Gregory Heym is Chief Economist at Brown Harris Stevens. His weekly series, The Line, covers new developments to the economy, including trends and forecasts. Read on for the latest report and subscribe here to receive The Line in your inbox.
Don’t be fooled by that headline, as inflation is still a big problem. Consumer prices rose 5.3% compared to a year ago, which was slightly less than expected, but still a 13-year high. Don’t forget that the Fed’s target inflation rate is 2%, so we are very much in dangerous territory. The only question is whether this is transitory as the Fed believes, or here for the long haul. The biggest price increases over the past year were energy (+25.0%), new vehicles (+7.6%), and food (+3.7%). Here is an interesting article on how inflation is impacting the prices of online goods. As I’ve said before, the Fed is taking a huge gamble that inflation will subside in the coming months. I think they’re wrong, as we have just printed too much money over the past 18 months.
Retail Sales Unexpectedly Rise
Retail sales rose 0.7% last month, much better than the 0.8% decline that economists were looking for.

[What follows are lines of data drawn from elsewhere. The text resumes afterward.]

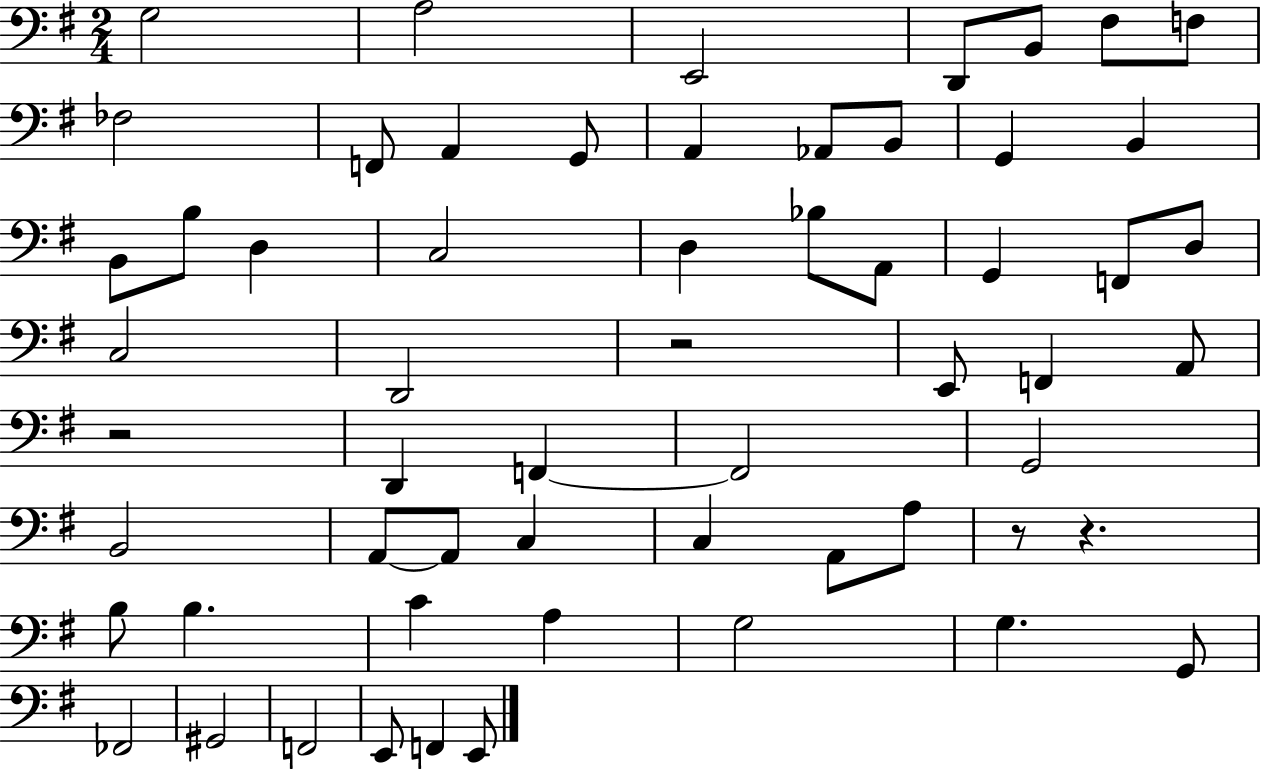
X:1
T:Untitled
M:2/4
L:1/4
K:G
G,2 A,2 E,,2 D,,/2 B,,/2 ^F,/2 F,/2 _F,2 F,,/2 A,, G,,/2 A,, _A,,/2 B,,/2 G,, B,, B,,/2 B,/2 D, C,2 D, _B,/2 A,,/2 G,, F,,/2 D,/2 C,2 D,,2 z2 E,,/2 F,, A,,/2 z2 D,, F,, F,,2 G,,2 B,,2 A,,/2 A,,/2 C, C, A,,/2 A,/2 z/2 z B,/2 B, C A, G,2 G, G,,/2 _F,,2 ^G,,2 F,,2 E,,/2 F,, E,,/2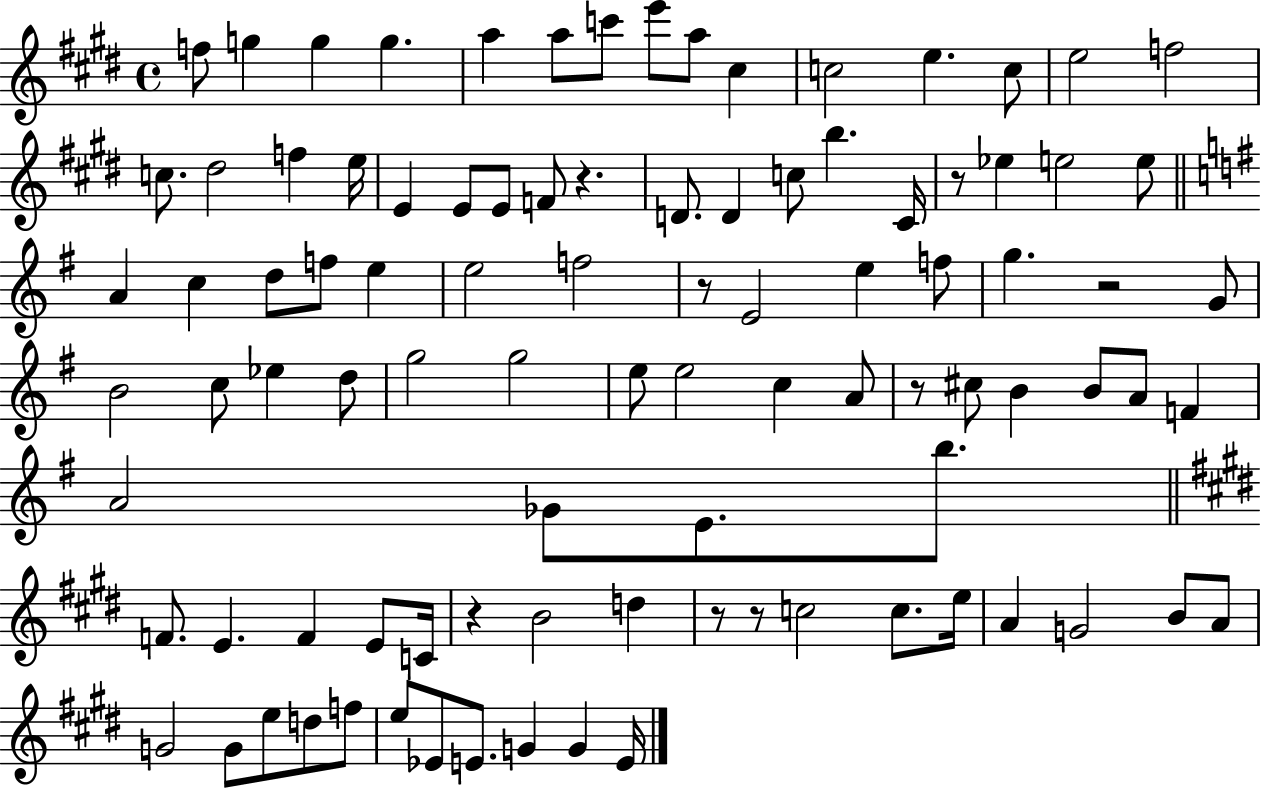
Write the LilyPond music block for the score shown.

{
  \clef treble
  \time 4/4
  \defaultTimeSignature
  \key e \major
  f''8 g''4 g''4 g''4. | a''4 a''8 c'''8 e'''8 a''8 cis''4 | c''2 e''4. c''8 | e''2 f''2 | \break c''8. dis''2 f''4 e''16 | e'4 e'8 e'8 f'8 r4. | d'8. d'4 c''8 b''4. cis'16 | r8 ees''4 e''2 e''8 | \break \bar "||" \break \key g \major a'4 c''4 d''8 f''8 e''4 | e''2 f''2 | r8 e'2 e''4 f''8 | g''4. r2 g'8 | \break b'2 c''8 ees''4 d''8 | g''2 g''2 | e''8 e''2 c''4 a'8 | r8 cis''8 b'4 b'8 a'8 f'4 | \break a'2 ges'8 e'8. b''8. | \bar "||" \break \key e \major f'8. e'4. f'4 e'8 c'16 | r4 b'2 d''4 | r8 r8 c''2 c''8. e''16 | a'4 g'2 b'8 a'8 | \break g'2 g'8 e''8 d''8 f''8 | e''8 ees'8 e'8. g'4 g'4 e'16 | \bar "|."
}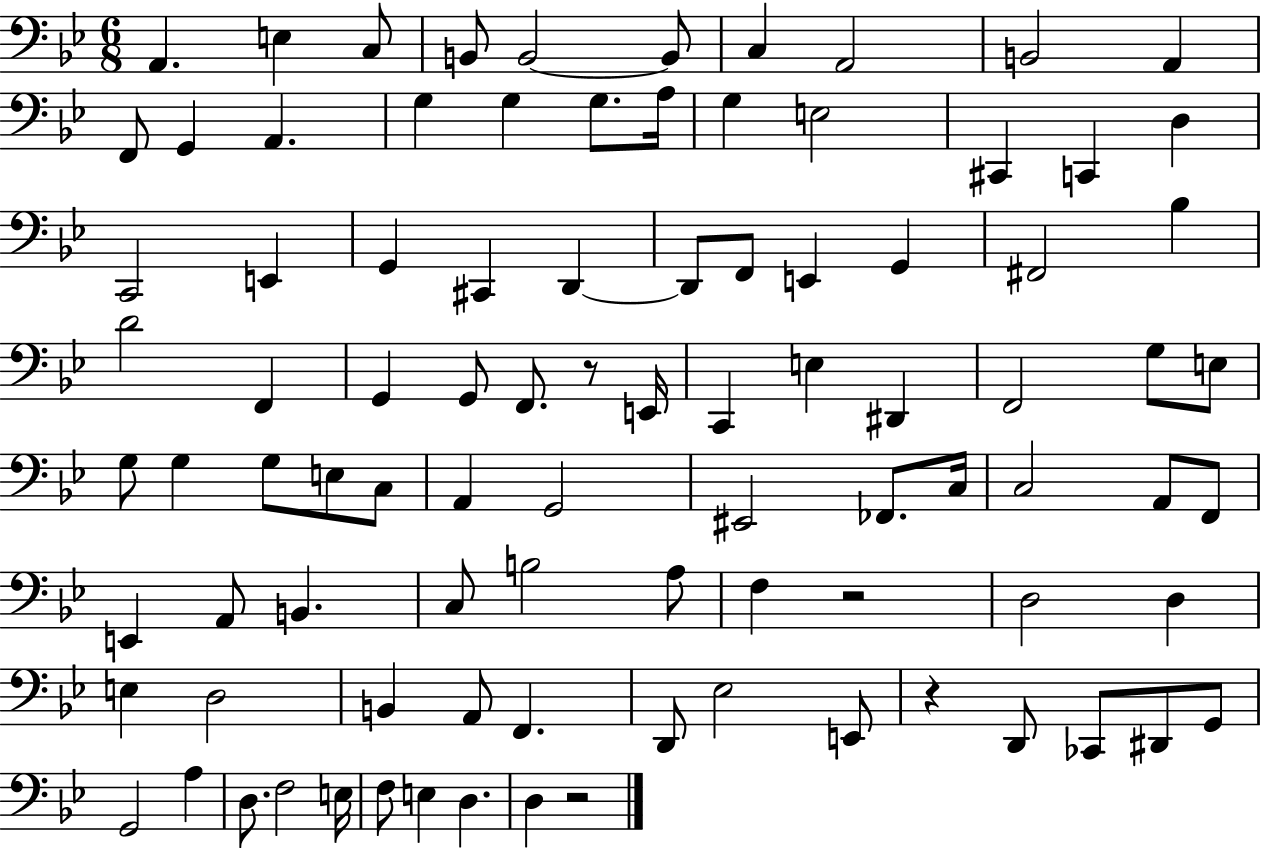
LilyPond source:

{
  \clef bass
  \numericTimeSignature
  \time 6/8
  \key bes \major
  \repeat volta 2 { a,4. e4 c8 | b,8 b,2~~ b,8 | c4 a,2 | b,2 a,4 | \break f,8 g,4 a,4. | g4 g4 g8. a16 | g4 e2 | cis,4 c,4 d4 | \break c,2 e,4 | g,4 cis,4 d,4~~ | d,8 f,8 e,4 g,4 | fis,2 bes4 | \break d'2 f,4 | g,4 g,8 f,8. r8 e,16 | c,4 e4 dis,4 | f,2 g8 e8 | \break g8 g4 g8 e8 c8 | a,4 g,2 | eis,2 fes,8. c16 | c2 a,8 f,8 | \break e,4 a,8 b,4. | c8 b2 a8 | f4 r2 | d2 d4 | \break e4 d2 | b,4 a,8 f,4. | d,8 ees2 e,8 | r4 d,8 ces,8 dis,8 g,8 | \break g,2 a4 | d8. f2 e16 | f8 e4 d4. | d4 r2 | \break } \bar "|."
}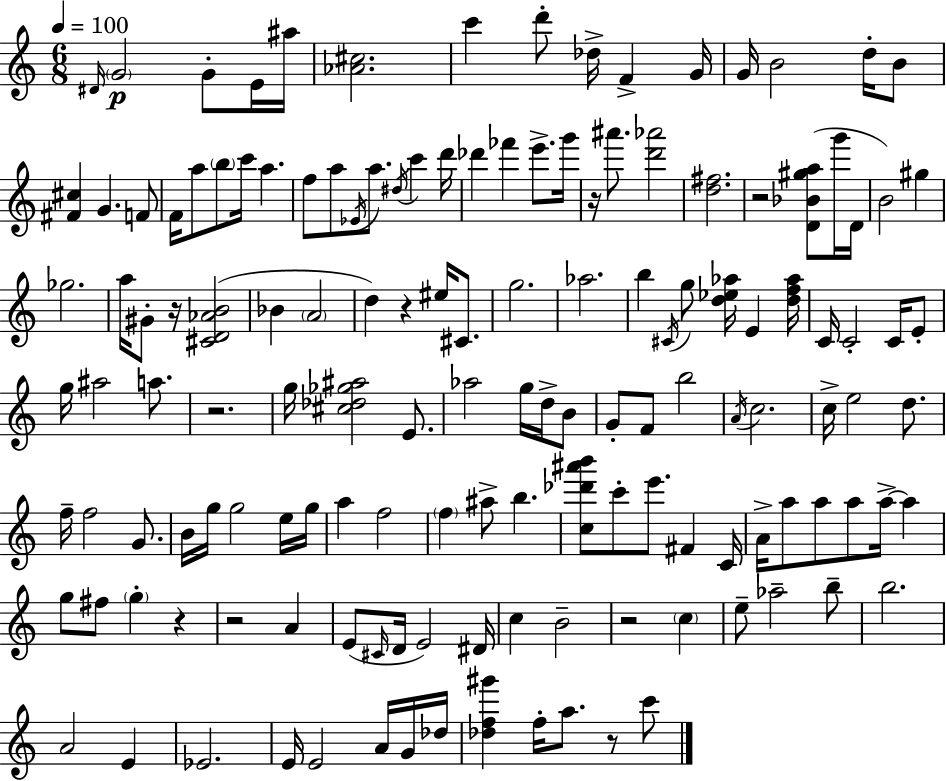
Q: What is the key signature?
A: C major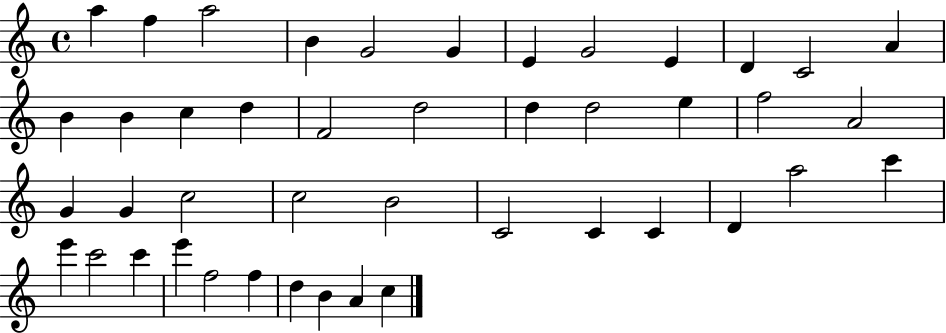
X:1
T:Untitled
M:4/4
L:1/4
K:C
a f a2 B G2 G E G2 E D C2 A B B c d F2 d2 d d2 e f2 A2 G G c2 c2 B2 C2 C C D a2 c' e' c'2 c' e' f2 f d B A c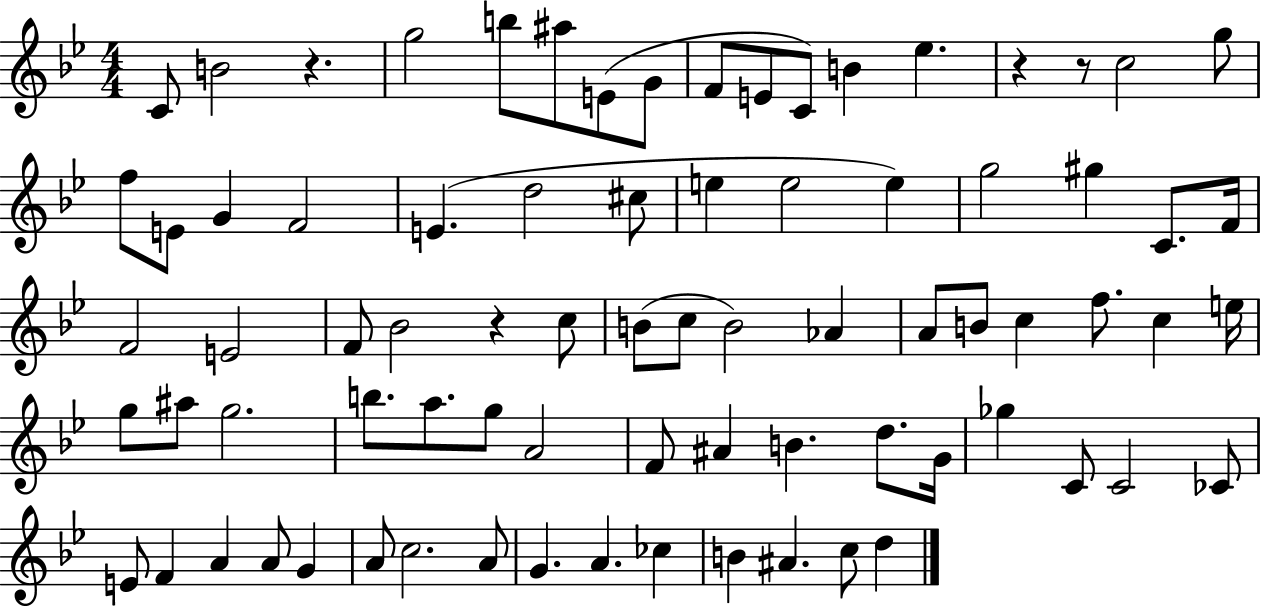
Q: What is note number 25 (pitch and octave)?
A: G5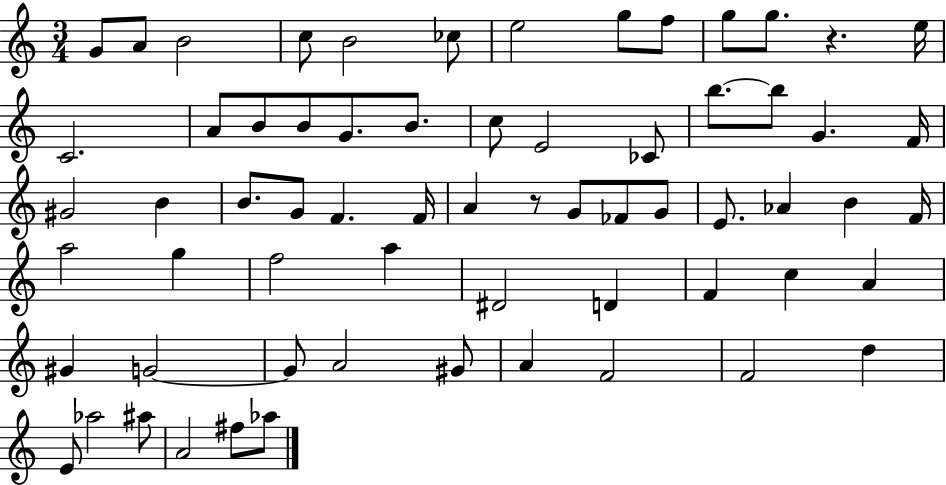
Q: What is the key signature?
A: C major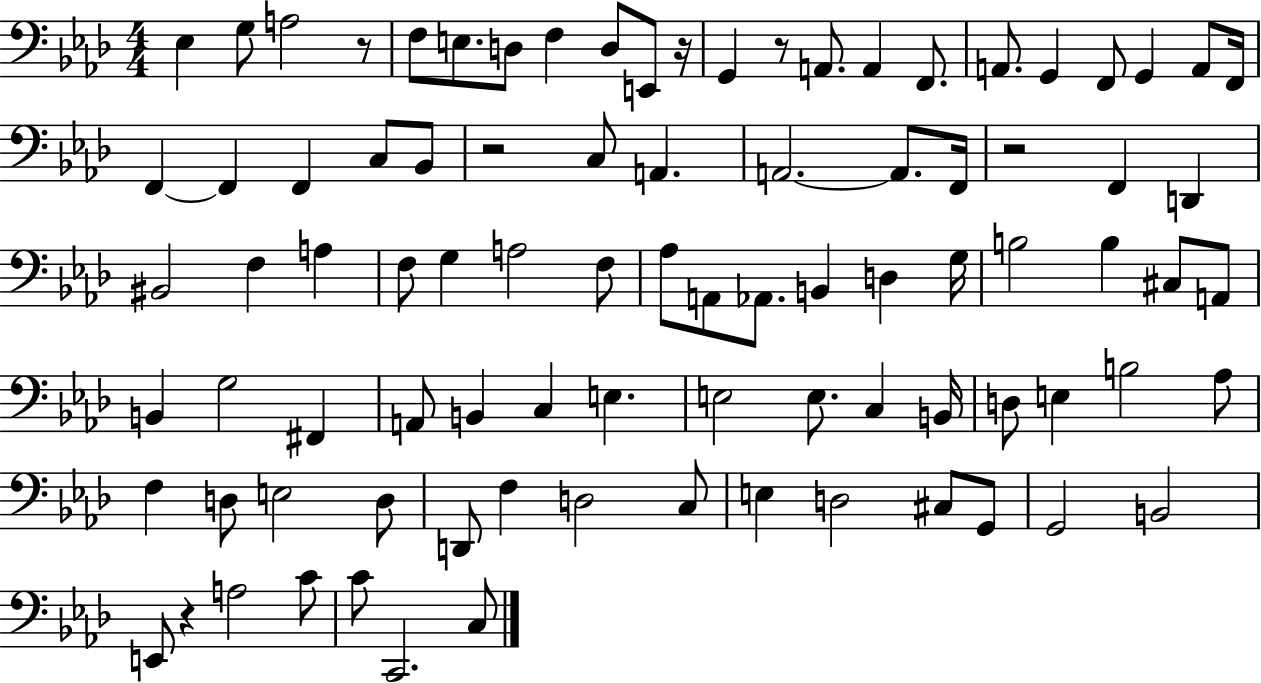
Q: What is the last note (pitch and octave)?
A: C3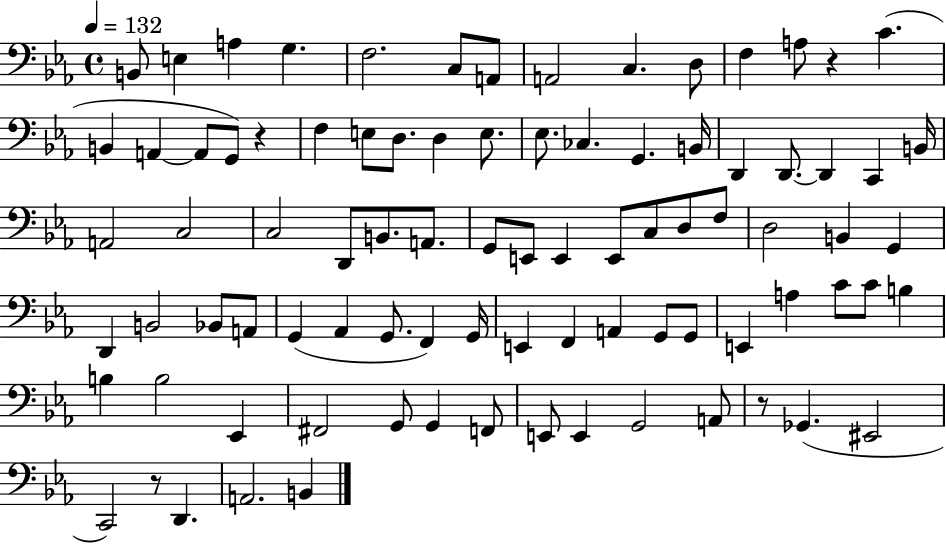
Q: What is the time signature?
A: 4/4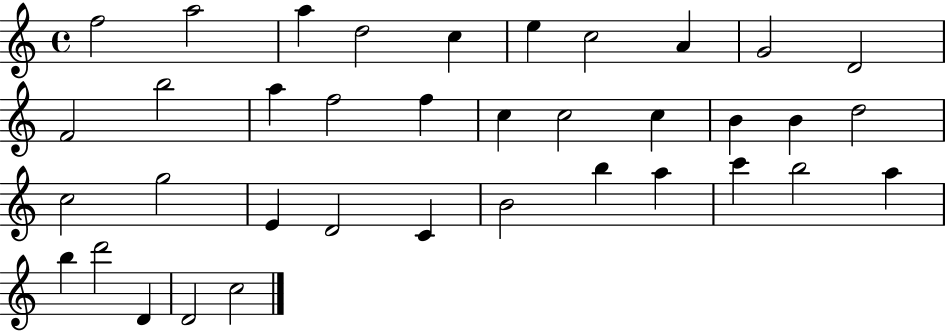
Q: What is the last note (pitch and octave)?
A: C5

It seemed logical with rising prices and the surge in COVID-19 cases that consumers would reduce spending. So much for that logic!
The surprising increase was fueled by a 5.3% jump in online sales, probably helped by impulse spending. A recent survey found half of the respondents said they are overspending, with 42% admitting that impulse spending and carrying more debt were worsening their financial situation.